Write the listing below out again in full, dropping its pictures.

** Data provided follows **

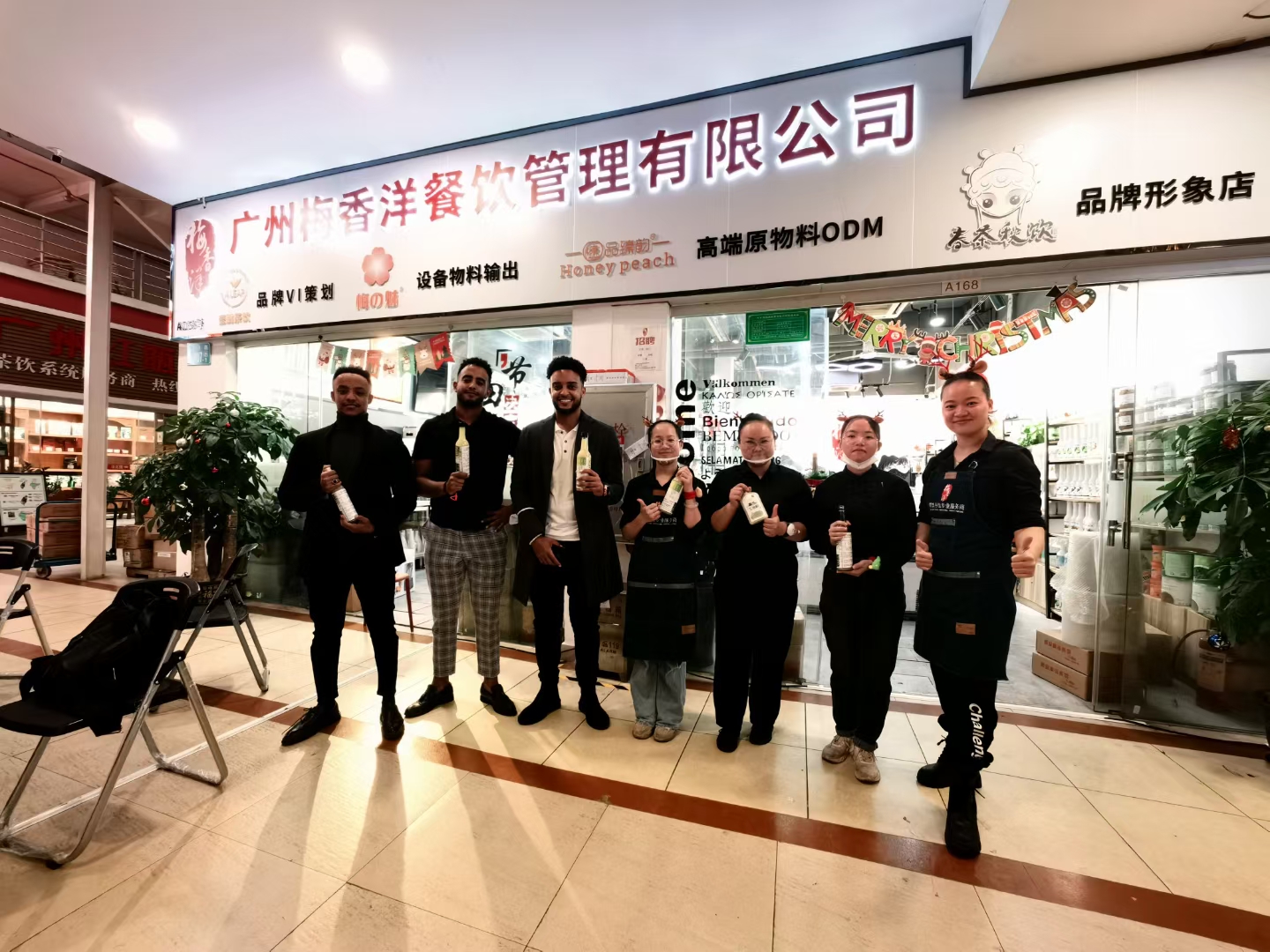 金達(dá)咖啡茶飲產(chǎn)品推廣會成功舉辦 金達(dá)咖啡茶飲產(chǎn)品推廣會成功舉辦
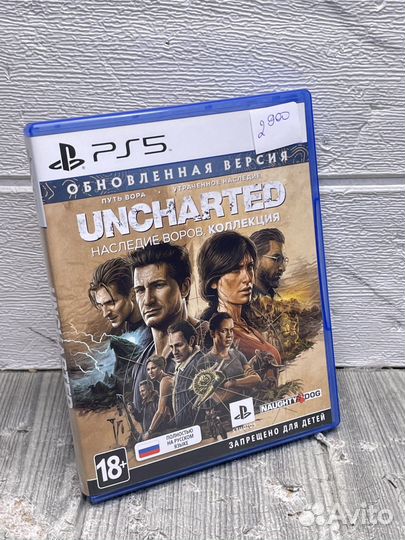 PS5 Uncharted Наследие Воров Коллекция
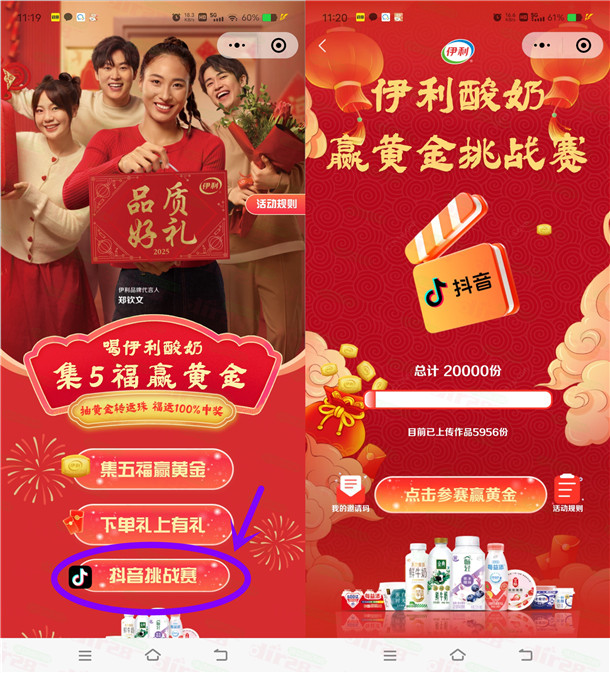 伊利酸奶赢黄金挑战赛活动领取6.6元+1.6元微信红包 推零钱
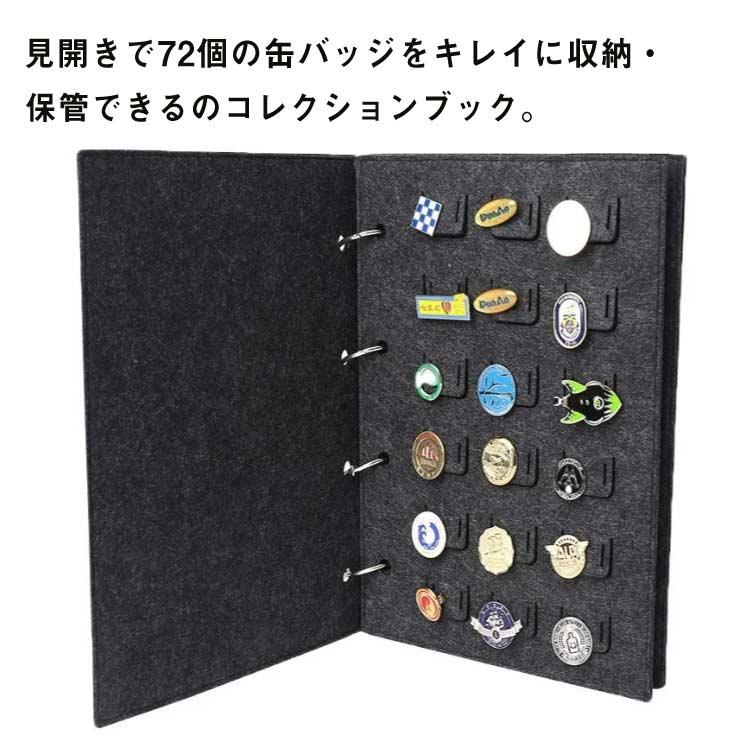 缶バッジ コレクションブック 72枚収納 展示 保管 72枚入り 持ち運び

** End of Data provided **

Expected answer
 金達(dá)咖啡茶飲產(chǎn)品推廣會成功舉辦 金達(dá)咖啡茶飲產(chǎn)品推廣會成功舉辦
 PS5 Uncharted Наследие Воров Коллекция
 伊利酸奶赢黄金挑战赛活动领取6.6元+1.6元微信红包 推零钱
 缶バッジ コレクションブック 72枚収納 展示 保管 72枚入り 持ち運び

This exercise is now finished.